In the same way as Eric you have an ambitious aim of getting to 35kms and if possible 50km. For you personally what will it mean achieving your objective, especially getting close or on the 50km mark?
“In a word, proud. Like any athlete achieving their next goal we all feel that rush when we succeed. I can’t imagine how exhilarating it will be to hit such a target where everyone can see it happen. Plus I get to do it alongside such a great cause in PossAbilities. Though, like other athletes, I know that it will definitely make me hungry for the next big milestone.”
How important will it be for you to see the support from the public having already received support from many groups across the community?
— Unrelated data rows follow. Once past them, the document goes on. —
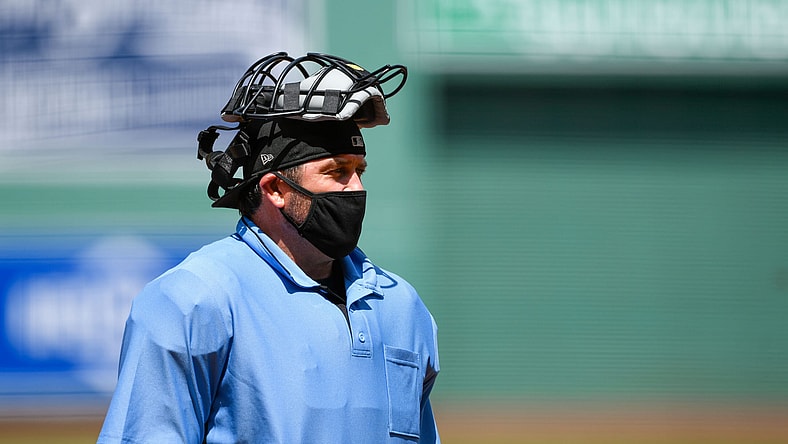 MLB umpire wears mask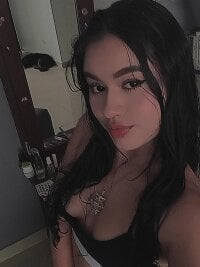 SelenaCollins' Offline Chat Room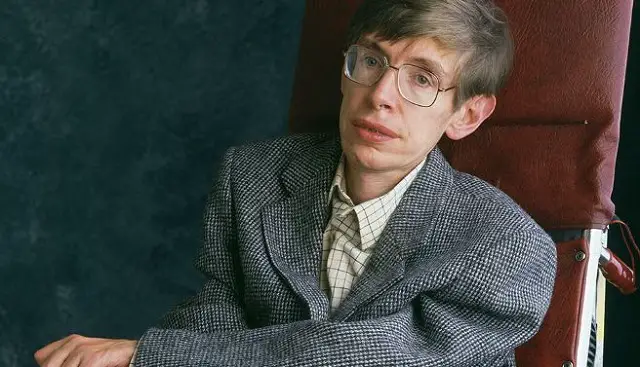 El científico Stephen Hawking sufre de ELA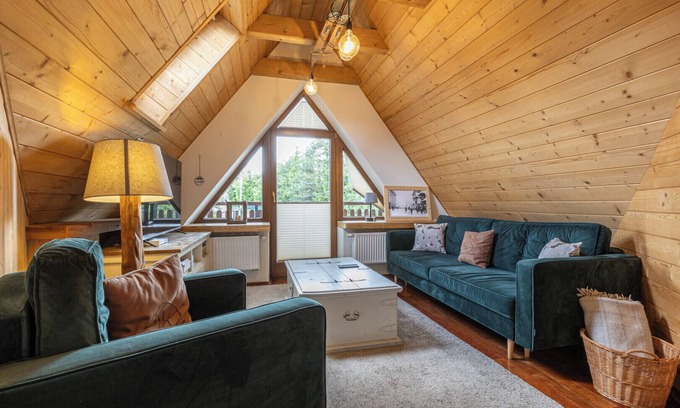 Zakopane Apartment | Cozy Krzeptówki Mountain Apartment with Family-Friendly Amenities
“I mentioned how important the mental game was earlier and this is a large part of it. Every marathon runner knows that the people watching alongside the track, shouting words of encouragement, give you the inspiration to keep going and push even harder.
“There will also be a second wheelchair and trainer set up for the public to try. Again any distance achieved by members of the public will be added to the total in the Journey to Lapland organised by PossAbilities. If people cannot make it to the Lathbury Sport Complex pop down to the ICC - every kilometer counts whether you can walk it or wheel it! It’ll give me such a rush to see people trying to push alongside me and increase our total distance. Just imagine prominent members of our community trying to keep up…
“I also can’t understate how important the support of my friends and family has been and will continue to be. This would have not been possible if it wasn’t for them.
“Lastly, thanks to the Gibraltar Disability Society for lending me the second treadmill which they funded last year.”